Go ask Alice: Public spaces need real women

Alice in Wonderland and I go back a long way. In my childhood I read and reread the books in which she starred. My entire 9th-grade class, unbidden by any teacher, memorized Jabberwocky. To this day, I can still recite it, as well as convulse my cousins with a dramatic recitation of The Lobster Quadrille.

I tell you all this to assure you that I am perfectly happy to have a statue in New York City’s Central Park of Alice and her buddies.

But, although she has delighted generations, Alice is, after all, a figment of the imagination — as are Mother Goose, Juliet (of Romeo and), and the assorted nymphs, angels and allegorical figures who are the only females represented among the statuary in the nation’s most-visited urban park.

Assorted men, and a dog

While not one breathing female person has been deemed worthy in the park’s 160-year history of having a statue erected to her, nearly two dozen assorted men have been so honored. The 14th– century Polish king, Wlasyslaw II Jagiello, greets the parks’ 40 million annual visitors, as does the 19th-century Danish sculptor Albert Thorvaldsen. Italian politician Giuseppe Mazzini and Prussian naturalist Alexander von Humboldt are there. So are Hans Christian Andersen, Ludwig van Beethoven, Simón Bolívar, Alexander Hamilton, William Shakespeare, Daniel Webster, and a dozen other undoubtedly commendable gentlemen. There is even a statue of Balto, the lead sled dog on the final leg of a 1925 journey to deliver diphtheria antitoxin from Anchorage, Alaska to Nome.

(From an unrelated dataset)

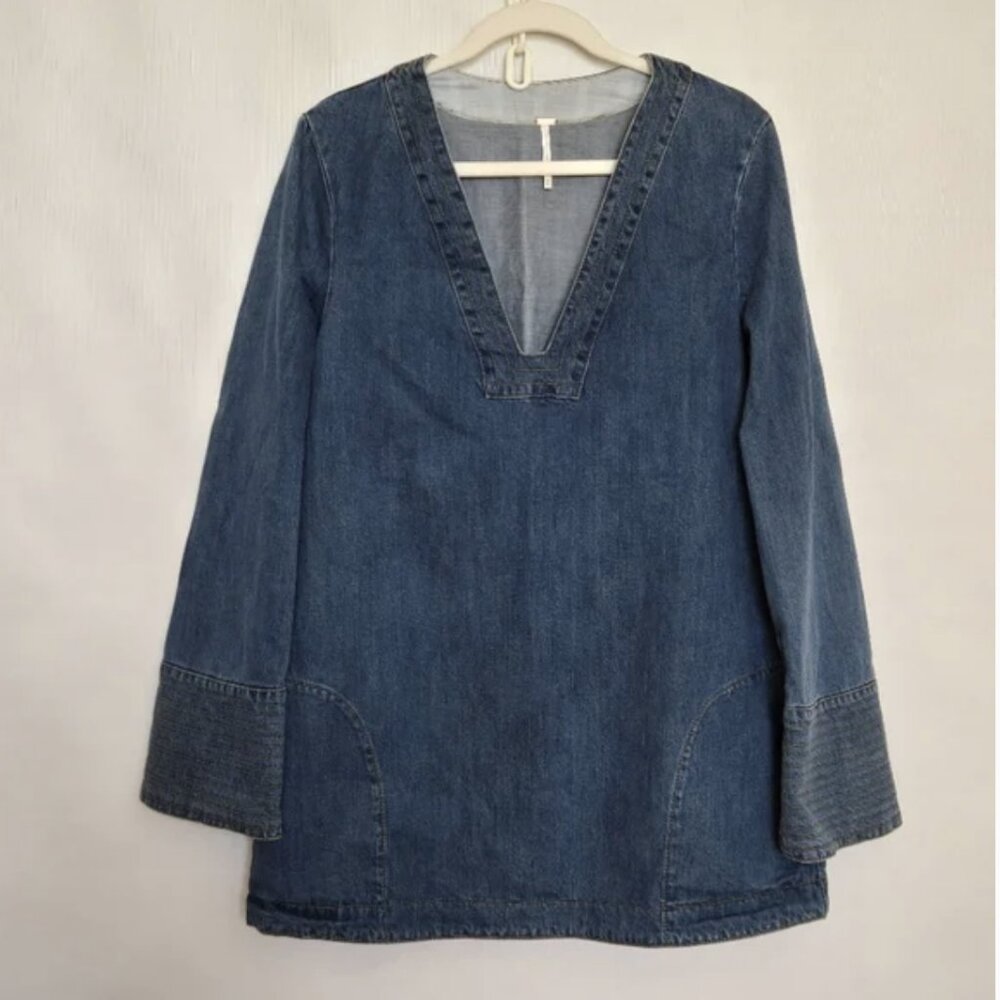 FREE PEOPLE 'DREAMING OF DENIM' TUNIC TOP MINI DRESS BOHO WESTERN RODEO (M)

Give the historical restrictions on women’s participation in public life, one might expect somewhat fewer public representations of women’s accomplishments than of men’s. But there are scarcely any such images. According to the Smithsonian, over 90 percent of U.S. outdoor sculptures of historical individuals depict men. None of our national holidays celebrate women or milestones in the struggle for women’s equality. Congress took 75 years to bring up the “Portrait Monument” of Lucretia Mott, Susan B. Anthony and Elizabeth Cady Stanton from the depths of the U.S. Capitol basement into the Rotunda, where visitors could actually see it.

Even as more women have entered public life, the balance has scarcely shifted. Establishing the Vietnam Women’s Memorial in Washington, dedicated in 1993 to the eleven thousand nurses and other women who served in that war, required a decade-long struggle. Smithsonian records show that, since 1960, women have been portrayed on just 12 percent of new public statues of individuals.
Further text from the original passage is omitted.